Oireachtas Joint and Select Committees

Wednesday, 12 December 2018

Joint Oireachtas Committee on Health

Home Care Services: Discussion

10:30 am

Mr. John Dunne:

Yes, there is the SAT, but I am not even talking about the technical assessment. What I mean is that there are people who sit down and say, "This is what this person needs." That then gets passed to a budget office, which says, "This is what this person is getting." This is an interesting approach, but my understanding is that is how it works.

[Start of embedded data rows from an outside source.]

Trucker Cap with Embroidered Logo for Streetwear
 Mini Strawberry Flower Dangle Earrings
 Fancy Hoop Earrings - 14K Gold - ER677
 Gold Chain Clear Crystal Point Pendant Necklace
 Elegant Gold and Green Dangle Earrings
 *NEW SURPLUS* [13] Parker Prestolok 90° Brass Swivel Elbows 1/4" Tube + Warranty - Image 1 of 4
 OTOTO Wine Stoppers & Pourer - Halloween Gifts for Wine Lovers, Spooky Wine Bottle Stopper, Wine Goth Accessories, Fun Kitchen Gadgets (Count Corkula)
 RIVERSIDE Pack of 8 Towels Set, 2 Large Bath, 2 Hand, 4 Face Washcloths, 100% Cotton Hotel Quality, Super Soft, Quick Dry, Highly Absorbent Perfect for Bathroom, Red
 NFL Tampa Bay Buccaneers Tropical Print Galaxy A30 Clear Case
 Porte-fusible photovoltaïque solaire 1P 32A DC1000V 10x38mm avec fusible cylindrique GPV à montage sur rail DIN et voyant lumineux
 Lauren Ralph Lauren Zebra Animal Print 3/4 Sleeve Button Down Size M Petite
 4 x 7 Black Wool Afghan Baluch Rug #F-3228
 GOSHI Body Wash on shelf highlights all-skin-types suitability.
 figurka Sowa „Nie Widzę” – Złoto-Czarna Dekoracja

Regarding the flexibility of hours, a pilot programme was trialled in Clare last year. I refer to client-directed home care, which is a model used internationally. The one thing I will tell the committee about this is that client-directed home care in Ireland has nothing to do with any of the international models but it does allow one improvement, that is, some flexibility around timing and how one phases one's hours. Given the industrial relations element of core hours and work outside certain hours, I was curious as to how client-directed home care was compatible with the current agreements in respect of HSE staff. I asked, what are the limits of this? The answer is that client-directed home care would be offered to people for whom the HSE feels it would be suitable. I do not know what this means but it covers a multitude and does not suggest a real openness to flexibility and so on. It is moving slowly in that direction, however. There are huge problems with client-directed home care. The way it happened in Clare is that people were handed a list of 20 providers when they were at a peak crisis and looking for home help and were told, "Off you go now. Sort it out." One of our worries and suspicions is that in areas where the HSE is struggling to deliver, even with the assistance of the contracted providers to deliver home care, by handing over that piece of paper, the responsibility suddenly passes to the family rather than to the HSE as the service provider. There are a lot of issues to consider, but if the committee hears talk of client-directed home care, and it probably will, it should be aware that it is highly problematic but may contain the seeds of something that will lead to flexibility down the road.